After the fucking, Sookie tells Bill about her day, and how Jason wants her to do some mind snooping, and Bill agrees, saying that if they caught the murderer, both he and Jason wouldn't be subject to the town's suspicion. Bill tells Sookie that Eric wants her to come back. Sookie pretends she doesn't remember Eric. As if. Sookie doesn't want to, and Bill tells her he has to bring her to see Eric, since Eric asked. Sookie freaks out again (seriously this bitch must have hard-core PMS), and Bill tells her that Eric is the boss of Area 10. What does that mean? The area thing means Shreveport and Bon Temps, and who cares where else. Basically, Bill's telling Sookie to shut up and put up. If Sookie doesn't go voluntarily, Eric will send some minions to come out and get her by force. So, surprise, Sookie agrees to go. Man, this chick is some kind of fucked in the head. Bill tries to explain the differences AGAIN to Sookie, but I think she's somewhat mentally left behind. However, since Sookie is Bill's, Eric can't have sex with her and whatever. Turns out all Eric is apparently interested in is Sookie's mind reading. Well, it would be a good weapon to make sure that humans etc. weren't trying to screw Eric over.

To prepare for their trip to Fangtasia, Bill tells Sookie to drink from him, and goes on to list the benefits of her drinking his blood: she hasn't gotten sick, her luscious blond hair is even luscious-ier and blonder, her glowing skin even more glowing, and amazing tits are even more amazing. She had chalked all these side effects up to being relaxed. Um, relaxed?
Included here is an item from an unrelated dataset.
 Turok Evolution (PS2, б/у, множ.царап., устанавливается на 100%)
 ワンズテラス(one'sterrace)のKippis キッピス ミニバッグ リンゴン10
Your gramma was murdered not long ago in your kitchen, your brother is in suspicion of murder as is your boyfriend, and there's a murderer loose in Bon Temps. But sure, relaxed...

Bill promises not to fuck anyone while drinking their blood. From now on, it will be all business. As Sookie's about to drink Bill's blood, he asks her if she's turned on. She's not all that turned on by the thought of drinking blood, and Bill says fine, and does she want to drink from his neck, wrist or groin. Sookie, being the proper prim whore-tard she is, is disgusted by the thought of drinking from his groin. I'm pretty sure she's sucked his dick by now. Maybe not. But I think so. Bill tells her to bite away, and Sookie doesn't think she can, but she does, because that's how Sookie rolls - I knew she was a biter. Sookie starts sucking away, and Bill gets all kinds of turned on. For someone who was grossed out by the idea of drinking blood, she really goes to town. She goes on to think that she's living the high life, especially for a artard waitress from Bum-Fuck, Louisiana.

Overview:  Sookie and Bill are inseparable. Jason asks for Sookie's help, and Sookie bitches at him. Arlene asks for Sookie's help, and Sookie bitches at her. Both Jason and Arlene are left feeling guilty and worthless because Sookie is so much better than anyone. Sookie is educated in the benefits of drinking vampire blood. Sookie loves to suck on Bill's...neck.